1.9k Views Asked by At

I have implemented the TTL feature in my code and its removing the records successfully. But the data storage size remains the same. It should be reduced immediately. latest Cassandra document says that the data will be removed after the first compaction(It Doesn't have clarity).

my simple question

I need to ensure the size immediately as soon as completed the TTL. So How to ensure whether disk space is reduced or not?

Please share your ideas..

Thanks

2

There are 2 best solutions below

0
On

Cassandra persists it's data in sstables. AFAIK know, during normal writes, sstables will get appended (not updated, deleted). It is compaction, like you mentioned yourself, that merges sstables. This can result in more free disk space when removing tombstones (deleted columns).

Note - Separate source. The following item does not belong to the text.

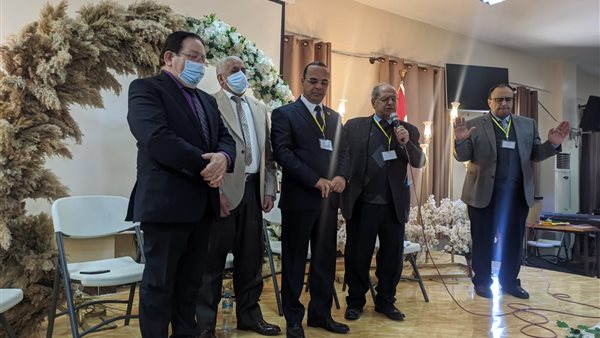 الكنيسة الرسولية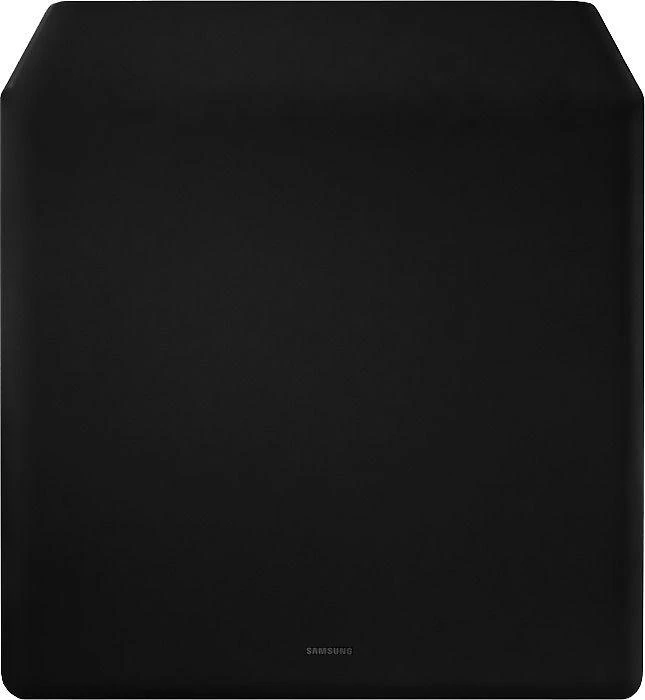 Namų kino sistema Samsung SWA-W510 žemųjų dažnių garsiakalbis tam tikroms garso juostoms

As can be read here, compaction is a background process. You can influence the frequency by configuration, like described here. I don't think there is a way to force a minor compaction with a Cassandra client. You might force a major compaction using nodetool compact. However, keep in mind that a compaction is quite I/O intensive. So I don't think that's a real solution.

But why is it so important that the removed data is immediately physically removed?

0
On

nodetool repair -pr on each node will remove you're tombstoned records (and you should be doing this so often anyway based on gc_grace_seconds see http://www.datastax.com/documentation/cassandra/2.0/cassandra/operations/ops_repair_nodes_c.html?scroll=concept_ds_ebj_d3q_gk).

For diskspace progress this could be as simple as running "df -h" before and after.